Canadian crude prices stabilized in thin trading on May 6 following a two-day rally as a wildfire in northern Alberta kept nearly one-third of Canadian oil sands production shuttered, with no real clarity on when production would resume.

The massive fire has forced the evacuation of Fort McMurray, Alberta's 88,000 residents, as the town, located in the heart of the oil-producing region of the province, has been overwhelmed by flames.

Oil sands companies have shut in at least 720,000 barrels per day (bbl/d) of crude output, according to Reuters calculations, out of Canada's total oil sands production of 2.2 MMbbl/d, though some operators including Syncrude and Imperial Oil have not disclosed how much production is offline.

Some analysts estimated at least 1 MMbbl/d is offline. Yet, they anticipated production will resume without much difficulty, though most companies had not announced when they expect activity to restart. Suncor Energy Inc., which has taken 350 Mbbl/d of capacity offline, said it expects to make a prompt return to full production, and planning for restart is well advanced.

"Clearly, while the disruptions last, they will be price supportive for Western Canadian crude," Julius Walker, senior analyst at JBC Energy GmbH in Vienna, said, adding that high stock levels in the U.S. and Canada mean it "makes sense for refineries to not yet be too concerned about supplies."

The wildfire also stymied transportation of crude and feedstocks normally delivered via trains, pipelines and roads across the vast oil sands, which hold the world's third-largest crude reserves after Saudi Arabia and Venezuela.

Western Canadian Select (WCS) heavy blend crude for June delivery traded at $11.90/bbl under the West Texas Intermediate benchmark on May 6, according to Shorcan Energy Brokers.

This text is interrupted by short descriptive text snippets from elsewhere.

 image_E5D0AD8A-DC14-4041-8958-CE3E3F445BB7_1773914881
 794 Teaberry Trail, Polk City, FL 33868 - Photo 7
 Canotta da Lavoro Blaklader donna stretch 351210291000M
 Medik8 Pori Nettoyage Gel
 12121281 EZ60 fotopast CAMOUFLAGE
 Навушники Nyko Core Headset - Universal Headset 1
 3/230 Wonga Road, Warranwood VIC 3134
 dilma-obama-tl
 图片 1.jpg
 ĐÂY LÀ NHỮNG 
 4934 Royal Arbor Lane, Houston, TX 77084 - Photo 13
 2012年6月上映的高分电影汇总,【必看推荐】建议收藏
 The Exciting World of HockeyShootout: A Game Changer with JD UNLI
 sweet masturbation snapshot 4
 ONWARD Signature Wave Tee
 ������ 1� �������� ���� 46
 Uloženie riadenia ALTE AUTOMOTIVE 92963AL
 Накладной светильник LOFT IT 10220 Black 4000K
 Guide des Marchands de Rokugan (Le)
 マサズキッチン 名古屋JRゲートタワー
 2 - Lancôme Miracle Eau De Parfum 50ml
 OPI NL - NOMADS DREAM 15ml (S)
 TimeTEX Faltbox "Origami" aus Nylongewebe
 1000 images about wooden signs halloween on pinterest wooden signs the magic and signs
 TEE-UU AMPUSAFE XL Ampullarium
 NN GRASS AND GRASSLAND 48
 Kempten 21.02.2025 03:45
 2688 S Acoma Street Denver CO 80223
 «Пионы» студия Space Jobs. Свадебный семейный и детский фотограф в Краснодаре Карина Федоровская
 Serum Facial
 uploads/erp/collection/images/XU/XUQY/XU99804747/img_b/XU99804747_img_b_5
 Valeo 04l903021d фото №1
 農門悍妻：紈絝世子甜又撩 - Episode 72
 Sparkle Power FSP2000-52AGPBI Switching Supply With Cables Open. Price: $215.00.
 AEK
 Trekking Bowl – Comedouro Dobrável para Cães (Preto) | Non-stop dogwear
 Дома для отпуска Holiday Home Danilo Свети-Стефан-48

It settled at $12/bbl under U.S. crude on May 5.

Concerns about temporary shortages boosted light synthetic crude prices on May 5, as the thinly traded May contract doubled in price. It posted one trade on May 6, with light sweet synthetic trading at a premium of $7 to U.S. crude, same as on May 5.

The wildfire has forced 10 oil sands operators including Suncor and Shell Canada to reduce production because workers have had to flee Fort McMurray, and in some cases evacuate operations as a precaution.

More than 20 oil operations are clustered in a 100-kilometer (60-mile) radius of the city, according to government data. Pipelines have also been affected, raising worries about the delivery of diluent, which is normally blended with the viscous bitumen found in the oil sands to produce Canadian heavy crude.